Exercise. Would you retype, word for word, the line with "Der Schnee bedeckt" and each line after it to the end of the entries below, leaving the pictures out?

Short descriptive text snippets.
*** Block opens ***
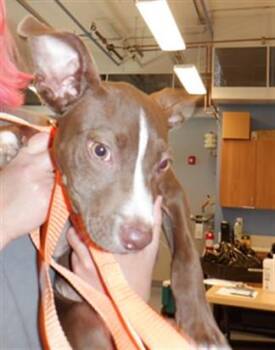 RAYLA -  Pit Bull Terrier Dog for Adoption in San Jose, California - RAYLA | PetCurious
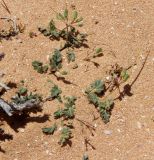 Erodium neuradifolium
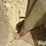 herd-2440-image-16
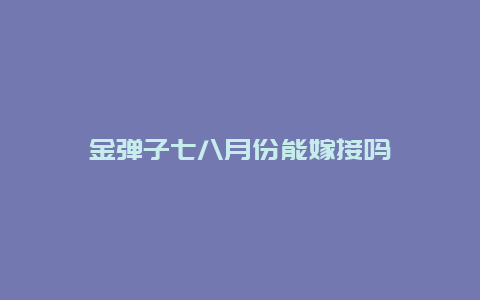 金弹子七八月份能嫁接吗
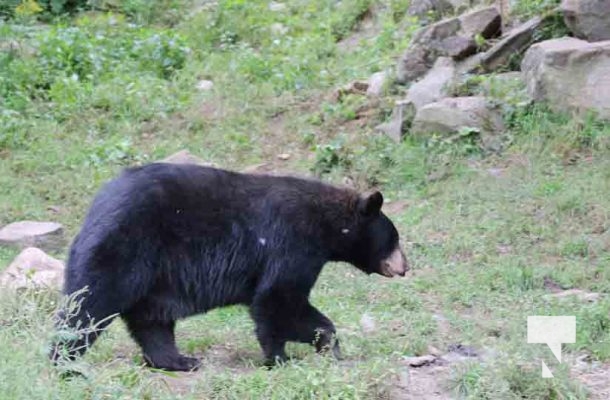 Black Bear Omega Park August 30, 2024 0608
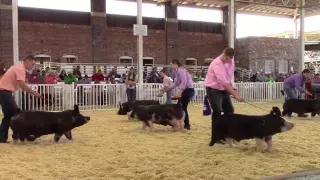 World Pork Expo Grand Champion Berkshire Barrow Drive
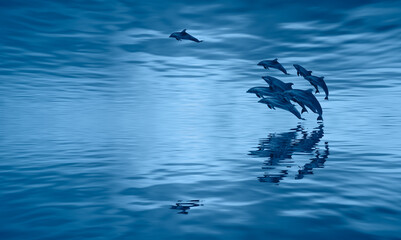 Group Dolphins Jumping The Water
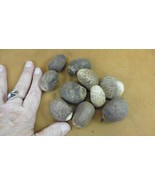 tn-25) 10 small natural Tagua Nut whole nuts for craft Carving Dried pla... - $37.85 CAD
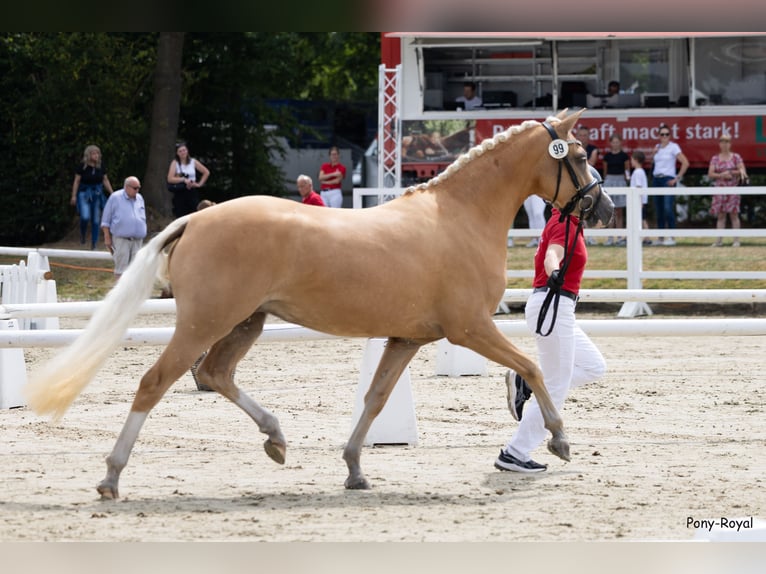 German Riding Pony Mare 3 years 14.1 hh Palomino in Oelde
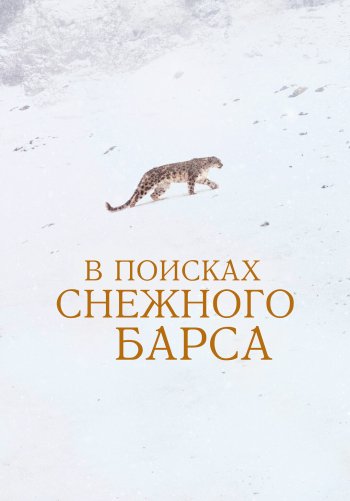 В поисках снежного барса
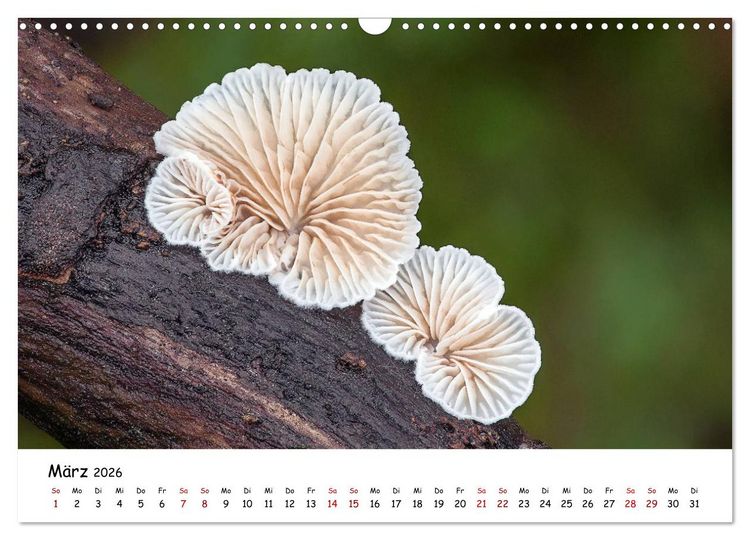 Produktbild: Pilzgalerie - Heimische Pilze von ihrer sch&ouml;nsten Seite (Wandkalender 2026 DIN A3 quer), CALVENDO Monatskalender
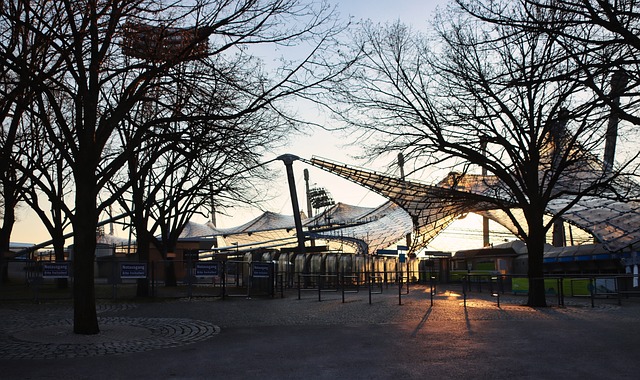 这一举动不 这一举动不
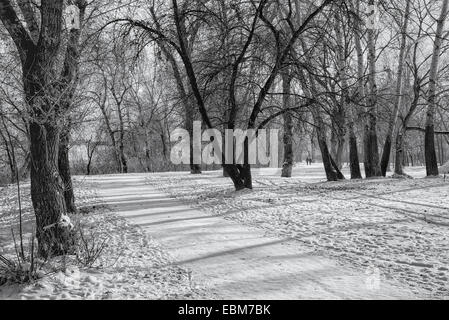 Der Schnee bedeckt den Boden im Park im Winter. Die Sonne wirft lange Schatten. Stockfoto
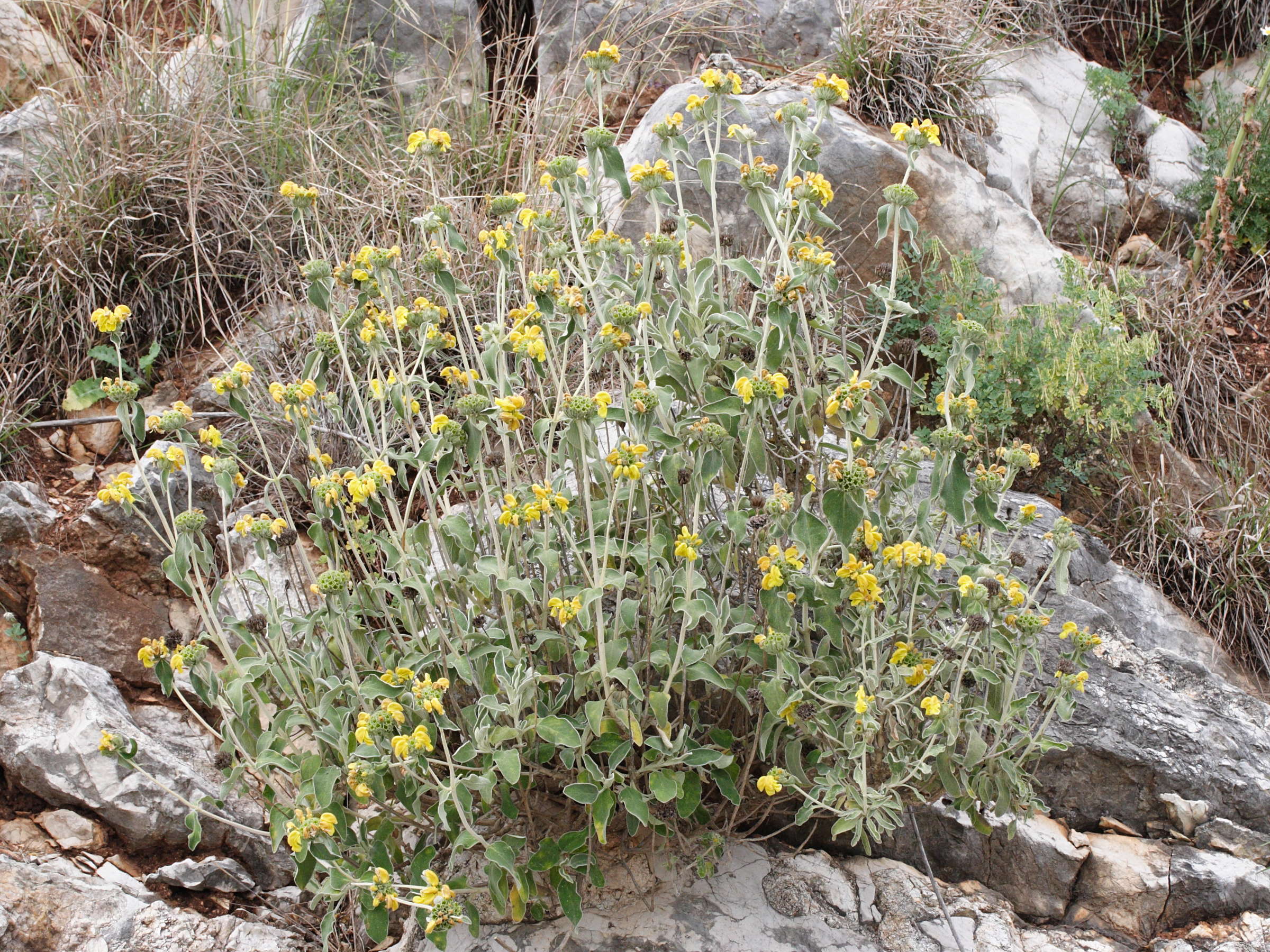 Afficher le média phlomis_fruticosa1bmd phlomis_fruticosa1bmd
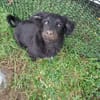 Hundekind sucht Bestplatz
*** Block closes ***
Response area.
 Der Schnee bedeckt den Boden im Park im Winter. Die Sonne wirft lange Schatten. Stockfoto
 Afficher le média phlomis_fruticosa1bmd phlomis_fruticosa1bmd
 Hundekind sucht Bestplatz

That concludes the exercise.